Task to carry out. Return an exact copy of the entries, skipping any picture you find.

Materials provided.

»»

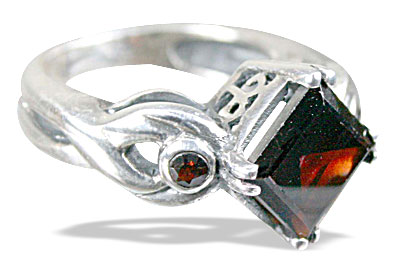 SKU 13604 - a Garnet rings Jewelry Design image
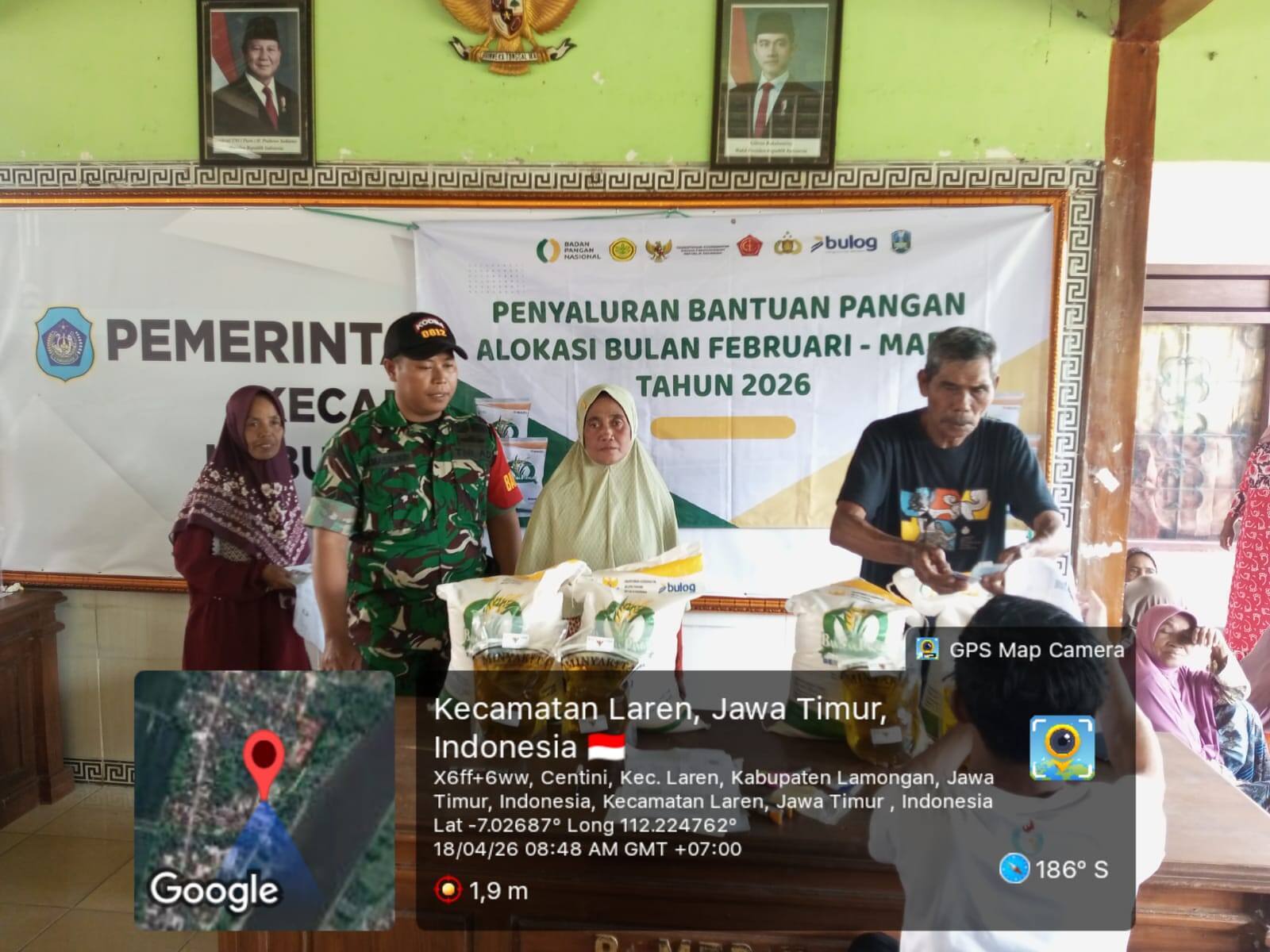 Babinsa di Empat Desa Jamin Penyaluran Bantuan Pangan Tepat Sasaran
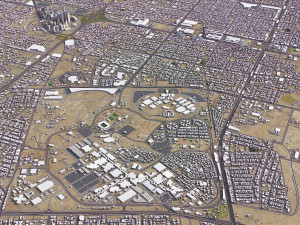 Riyadh - 3D City Model Modèle 3D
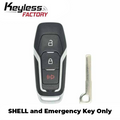 2013-2018 Ford / 3-Button Smart Key SHELL for M3N-A2C31243800, M3N-A2C31243300 (AFTERMARKET)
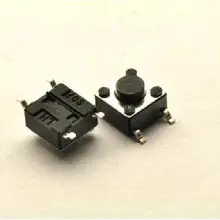 Едкая сенсорный выключатель 6x6x4.5 мм SMD индукции Кнопка импорт шрапнель 6*6*4.5 медь ноги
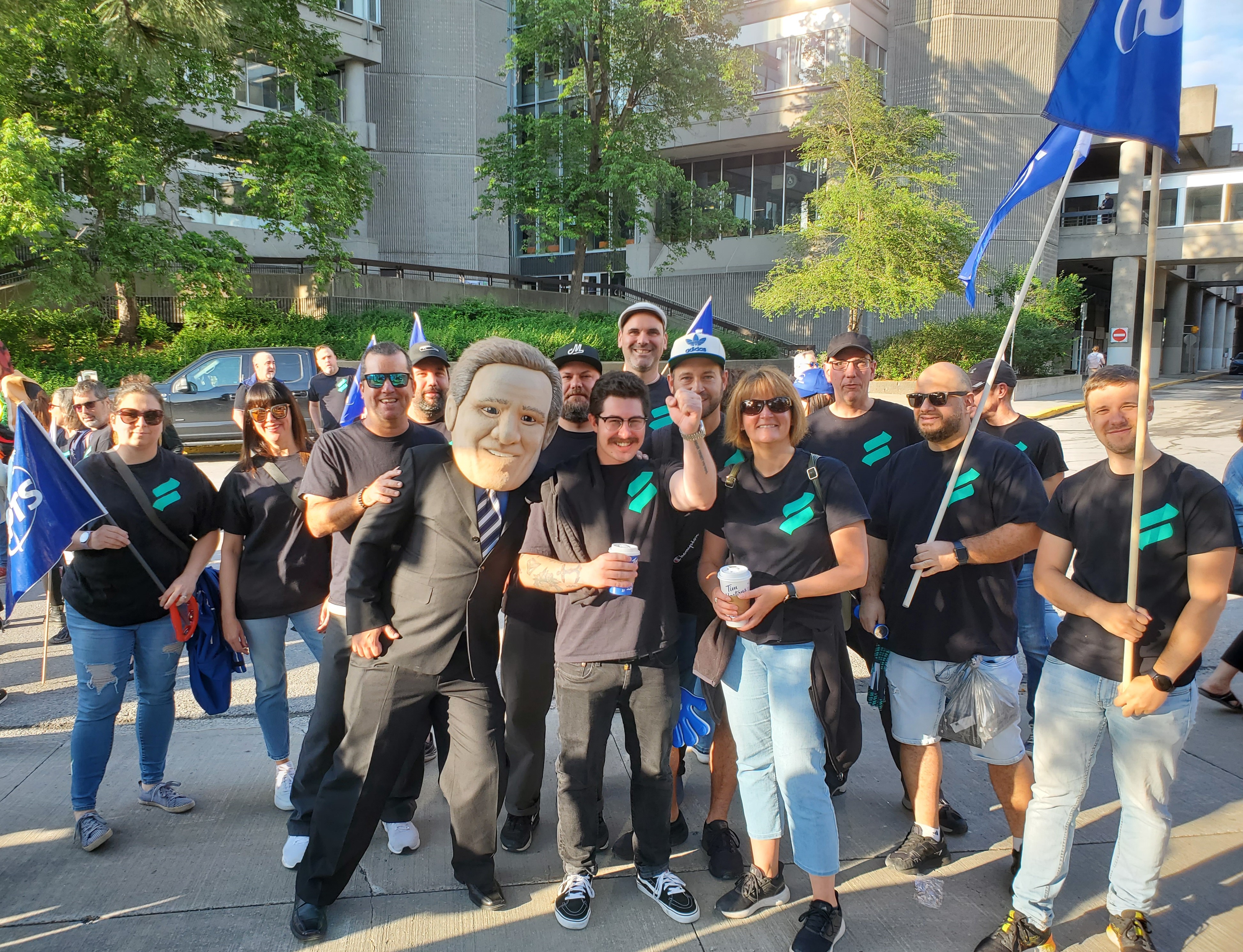 15.06.2023 Manifestation à Gatineau | Centre-Sud-de-l'Ìle-de-Montréal - APTS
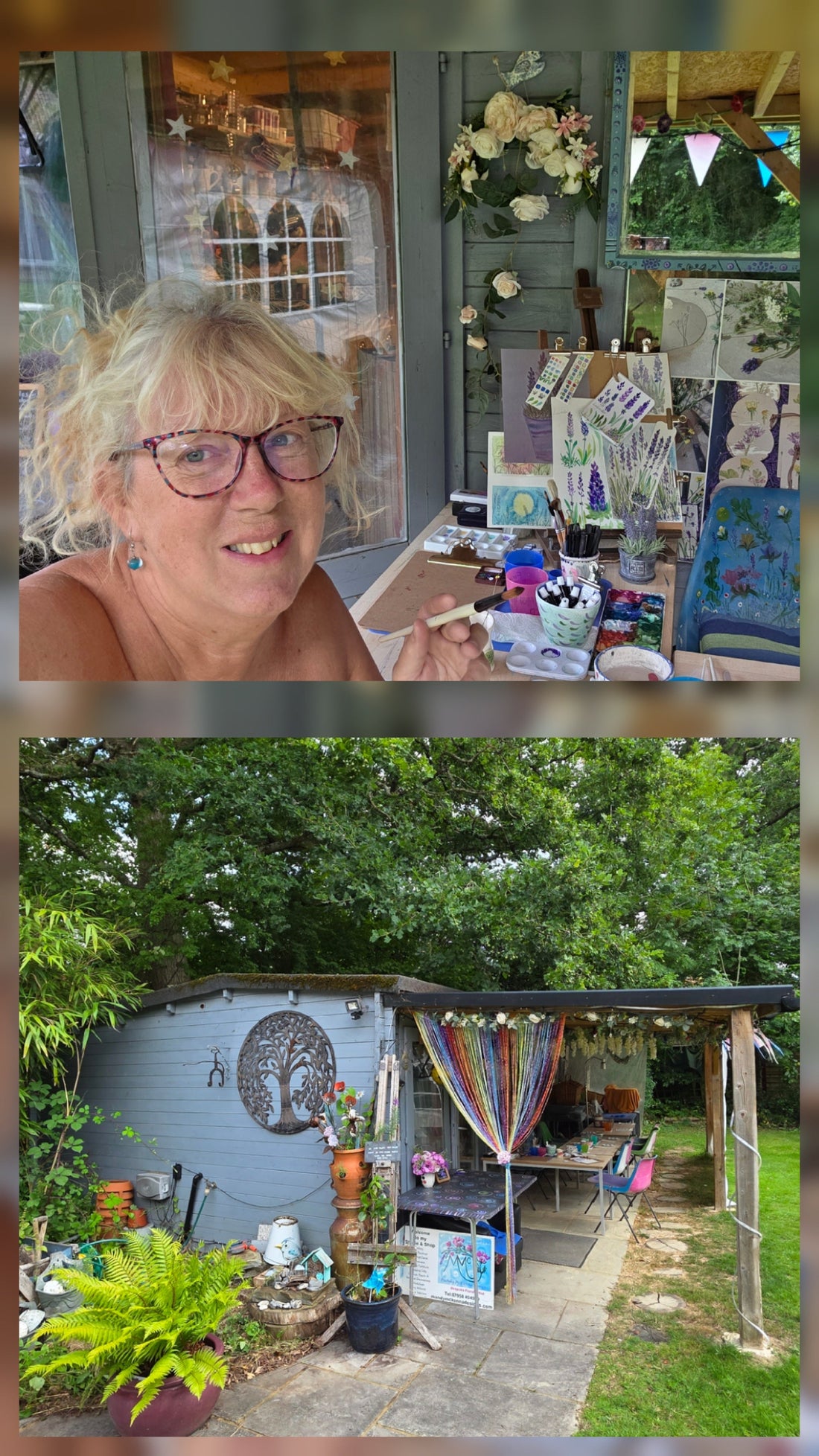 Looking forward to my New August Floral Watercolour Classes - Week 1.Lavender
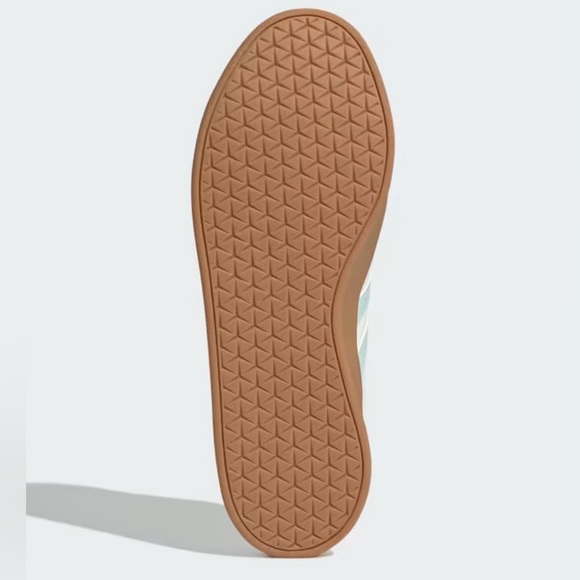 Adidas VL Court Base Cream and Light Blue Sneakers - Picture 3 of 12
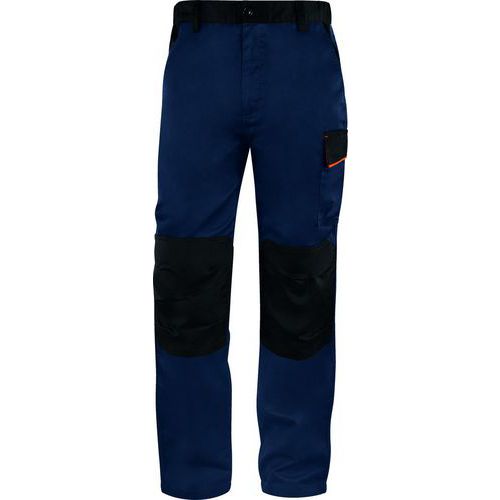 Pantaloni da lavoro-M1PA2 Blu marina/Arancione-Taglia 3XL,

««

Answer to the exercise.
 SKU 13604 - a Garnet rings Jewelry Design image
 Babinsa di Empat Desa Jamin Penyaluran Bantuan Pangan Tepat Sasaran
 Riyadh - 3D City Model Modèle 3D
 2013-2018 Ford / 3-Button Smart Key SHELL for M3N-A2C31243800, M3N-A2C31243300 (AFTERMARKET)
 Едкая сенсорный выключатель 6x6x4.5 мм SMD индукции Кнопка импорт шрапнель 6*6*4.5 медь ноги
 15.06.2023 Manifestation à Gatineau | Centre-Sud-de-l'Ìle-de-Montréal - APTS
 Looking forward to my New August Floral Watercolour Classes - Week 1.Lavender
 Adidas VL Court Base Cream and Light Blue Sneakers - Picture 3 of 12
 Pantaloni da lavoro-M1PA2 Blu marina/Arancione-Taglia 3XL,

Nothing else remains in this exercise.